*TASK DESCRIPTION*.
Each record that comes next should be output exactly; pictures do not belong in the copy.

*SOURCE MATERIAL*.
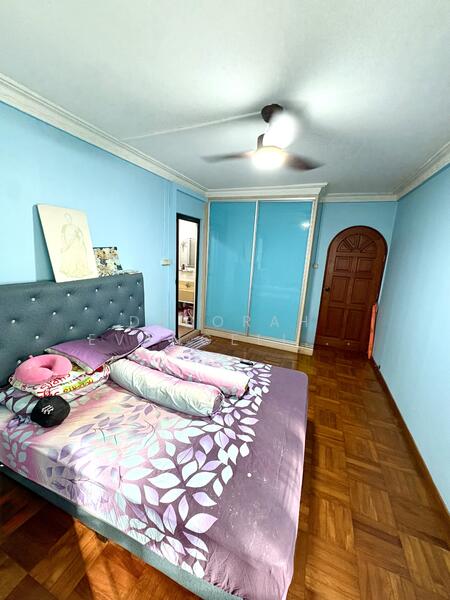 Master bedroom with en-suite toilet 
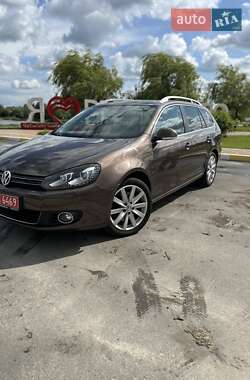 Универсал Volkswagen Golf 2012 в Ирпене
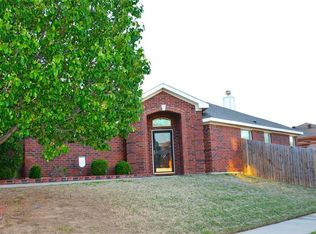 1100 Deedee Creek Dr, Euless, TX 76040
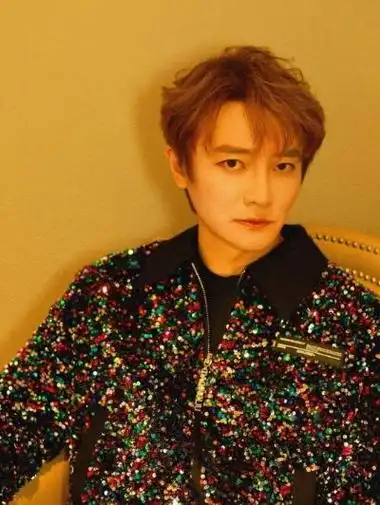 大瓜飞儿乐队阿沁妻子持毒被抓家里当众搜出违禁品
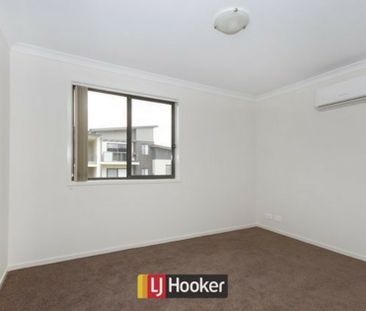 2 Bedroom Townhouse In Central Location - Photo 3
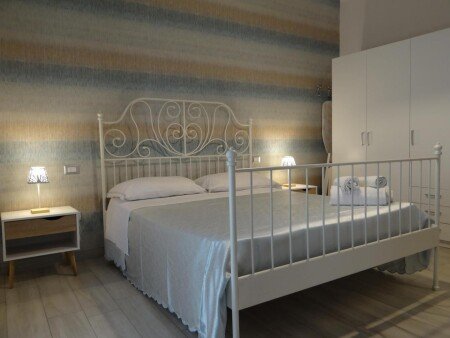 Appartamento 1 camera, con giardino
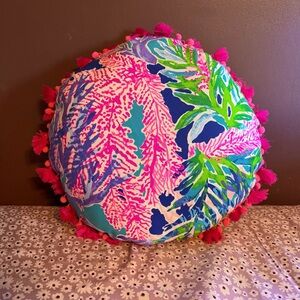 Lilly Pulitzer outdoor/indoor round tassel pompom decorative pillow fan club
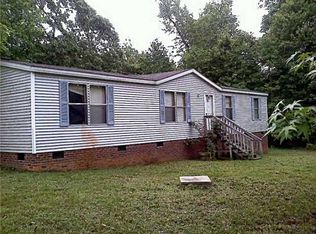 190 Flynt Rd, Liberty, NC 27298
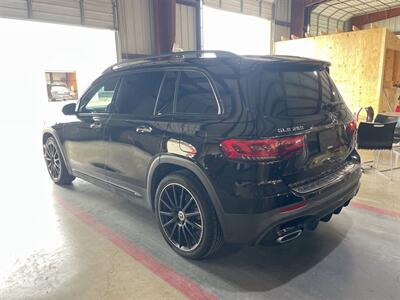 2020 Mercedes-Benz GLB GLB 250   - Photo 36 - McKinney, TX 75070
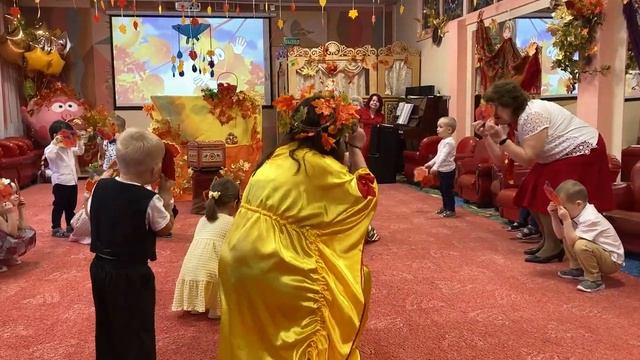 Танец с листочками "Ты листочек озорной" (Музыка и слова А. Евтодьевой). Группа №7 "Светлячки" смотреть онлайн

*TASK SOLUTION*.
 Master bedroom with en-suite toilet 
 Универсал Volkswagen Golf 2012 в Ирпене
 1100 Deedee Creek Dr, Euless, TX 76040
 大瓜飞儿乐队阿沁妻子持毒被抓家里当众搜出违禁品
 2 Bedroom Townhouse In Central Location - Photo 3
 Appartamento 1 camera, con giardino
 Lilly Pulitzer outdoor/indoor round tassel pompom decorative pillow fan club
 190 Flynt Rd, Liberty, NC 27298
 2020 Mercedes-Benz GLB GLB 250   - Photo 36 - McKinney, TX 75070
 Танец с листочками "Ты листочек озорной" (Музыка и слова А. Евтодьевой). Группа №7 "Светлячки" смотреть онлайн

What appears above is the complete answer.